(Stored dataset items)
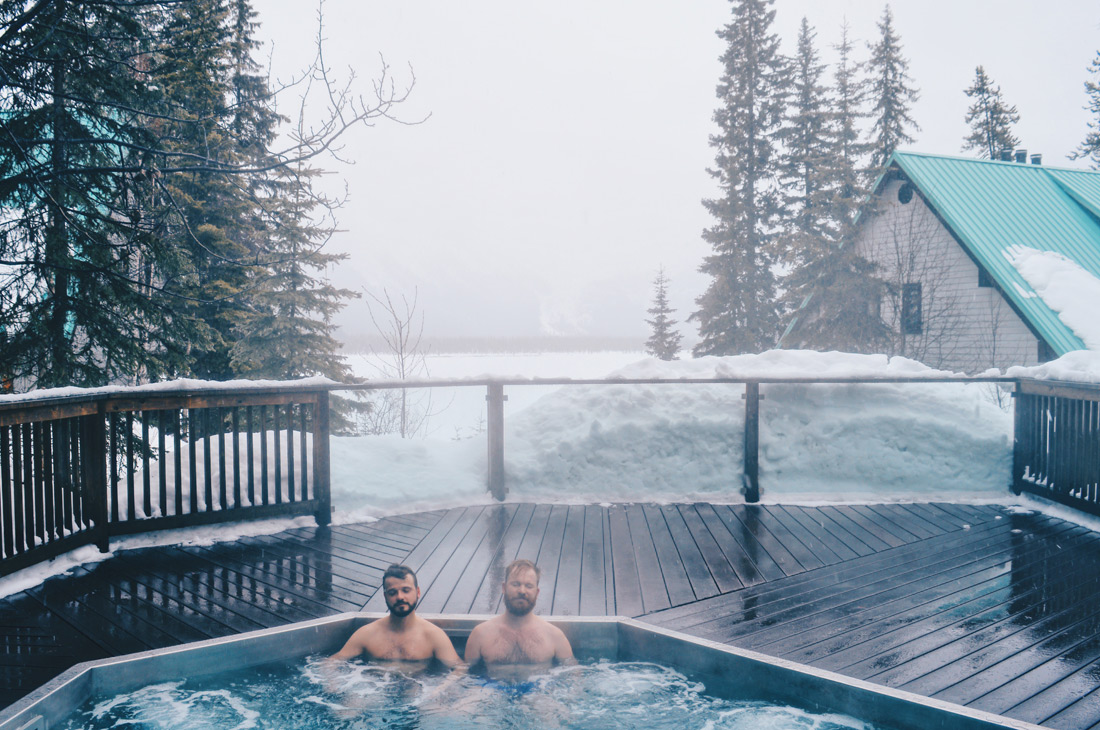 Hot Tub (normally with lake view) | Emerald Lake Lodge gay-friendly © Coupleofmen.com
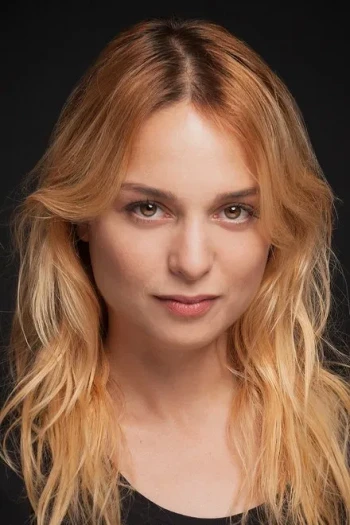 妮丽帕莱.莎音卡亚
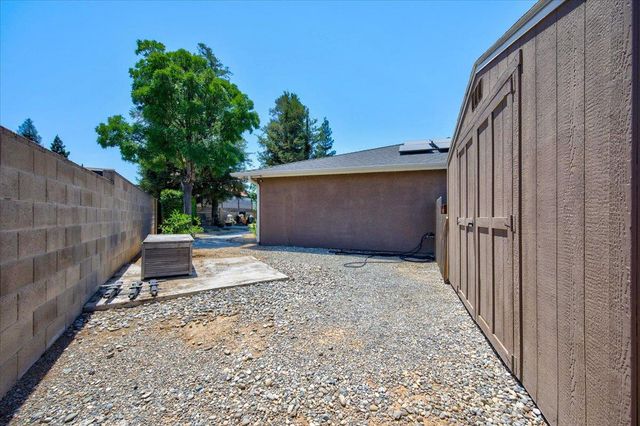 3733 W Wathen Avenue, Fresno, CA 93711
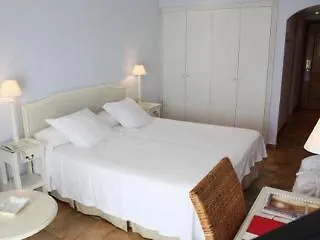 La Del Mar 4*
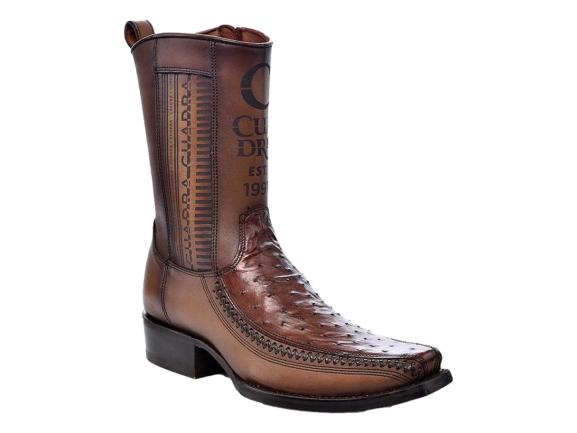 Bota de cuero color café para hombre marca Cuadra con detalles ornamentales y tacón negro.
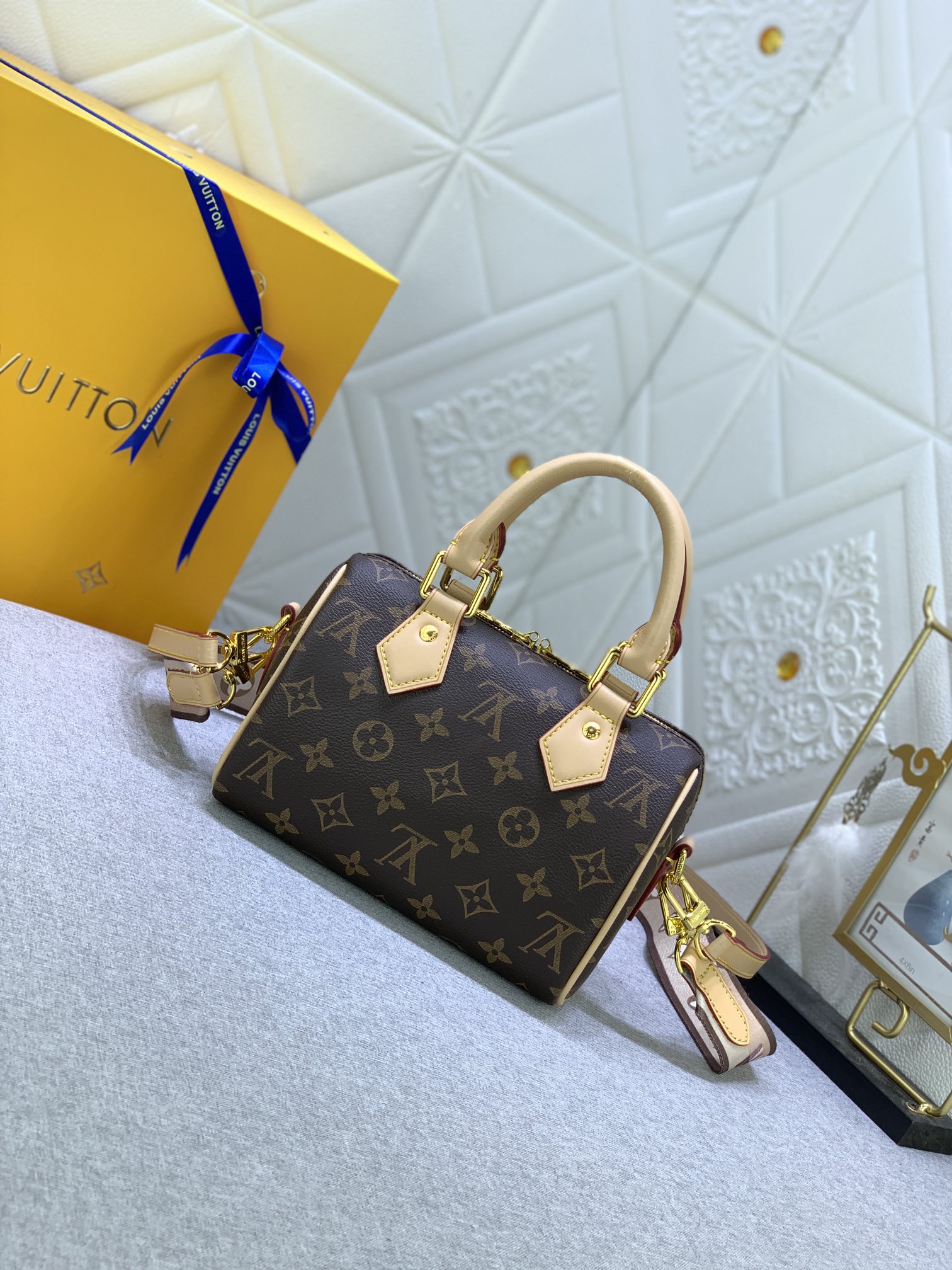 Designer Monogram Speedy Bandoulière 20 - Bag - Gorchic - $117.99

The task: Could you write out every record exactly, leaving the pictures out?

Solved problem:
 Hot Tub (normally with lake view) | Emerald Lake Lodge gay-friendly © Coupleofmen.com
 妮丽帕莱.莎音卡亚
 3733 W Wathen Avenue, Fresno, CA 93711
 La Del Mar 4*
 Bota de cuero color café para hombre marca Cuadra con detalles ornamentales y tacón negro.
 Designer Monogram Speedy Bandoulière 20 - Bag - Gorchic - $117.99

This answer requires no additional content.